The molecular mechanisms that regulate synapse formation are not well understood. Eroglu et al. show that thrombospondin (TSP) binding to the neuronal α2δ-1 receptor initiates the formation of new synapses in vitro and in vivo and that the anti-epileptic and analgesic drug gabapentin (GBP) might function by inhibiting this interaction and hence synaptogenesis.

TSPs are multi-domain, extracellular matrix proteins that are secreted by astrocytes when synapse formation takes place during development. The authors identified the cell surface protein α2δ-1 as the neuronal TSP receptor that mediates synaptogenesis. Overexpression and knockdown of α2δ-1 in cultured retinal ganglion cells (RGCs) respectively increased and reduced the number of synapses in the presence of TSPs. In addition, overexpression of α2δ-1 in CNS neurons enhanced synapse formation in vivo, indicating that binding of TSPs to α2δ-1 promotes synaptogenesis in vitro and in vivo.

The authors showed that GBP, a drug that is known to bind to α2δ-1 with high affinity, inhibited TSP-induced synapse formation in cultured RGCs. Furthermore, the number of synapses was significantly decreased in around 50% of mice injected neonatally with GBP.

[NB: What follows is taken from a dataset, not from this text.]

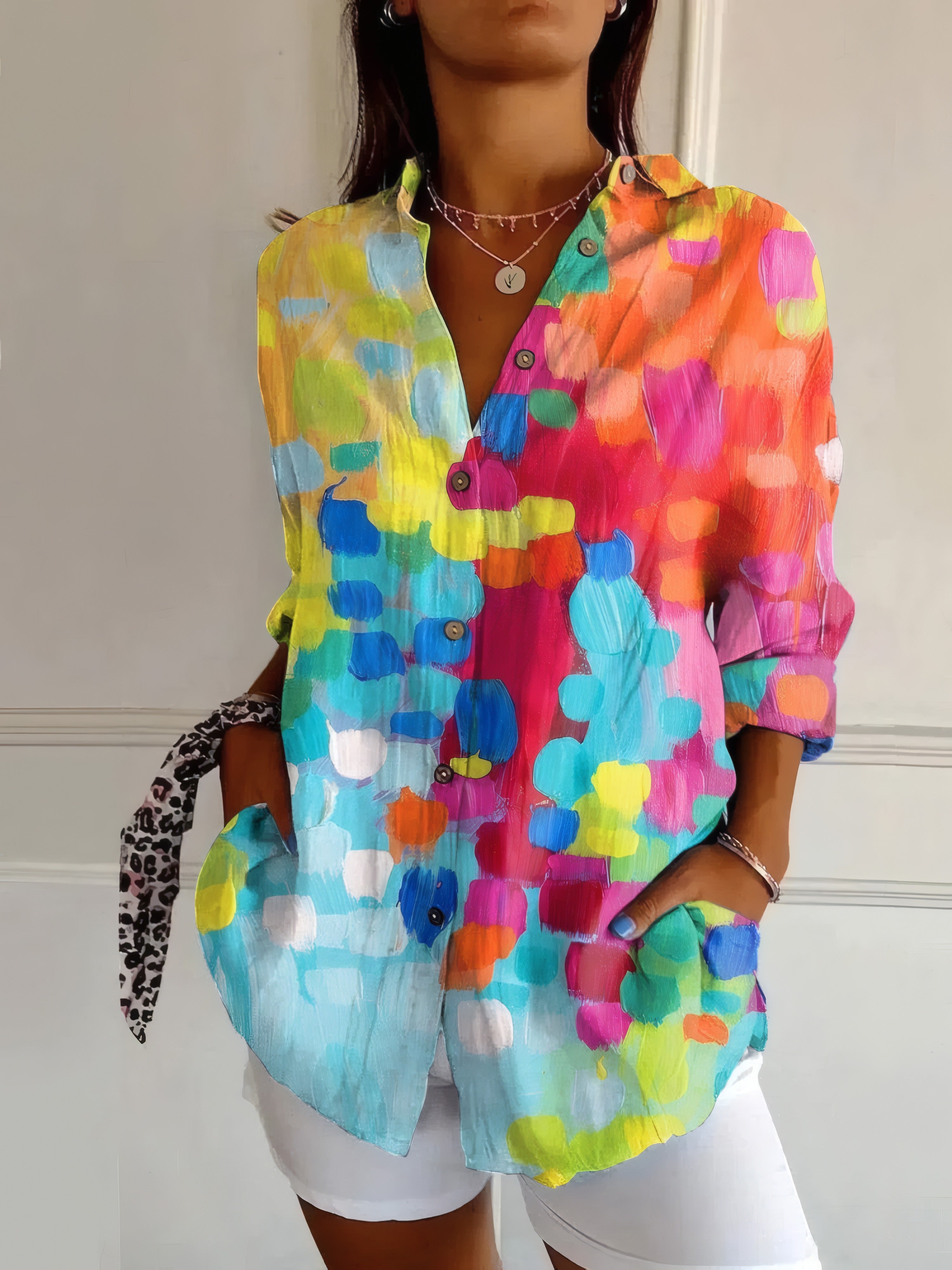 Rosamund | Geometric Print Shirt Multicolour 3, photo studio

The authors also tested whether TSP-induced synapse formation is involved in injury-induced modification of circuits in the barrel cortex. Mice that were injected with GBP after unilateral removal of some of their whiskers lost the normal topological organization of the barrel cortex, similar to the barrel cortex phenotype found in Tsp1−/−Tsp2−/− mice. These results suggest a role for the TSP–α2δ-1 interaction in (re)wiring the barrel cortex post-injury and during development. In these studies GBP affected only 30–50% of mice, an observation that requires further investigation.

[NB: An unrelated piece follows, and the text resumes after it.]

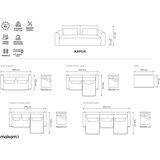 Makamii Baršunasti sklopiva/s prostorom za odlaganje sofa u boji lavande 238 cm Kapua – | shoptok.hr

In addition to identifying α2δ-1 as a receptor that mediates synaptogenesis through the binding of TSPs, this study implies a role for astrocyte-released TSP in the pathophysiology of neuropathic pain and epilepsy, in which aberrant excitatory synaptogenesis is thought to be involved. How GBP mediates its therapeutic function is not very clear, and these results suggest that it could be through limiting new synapse formation.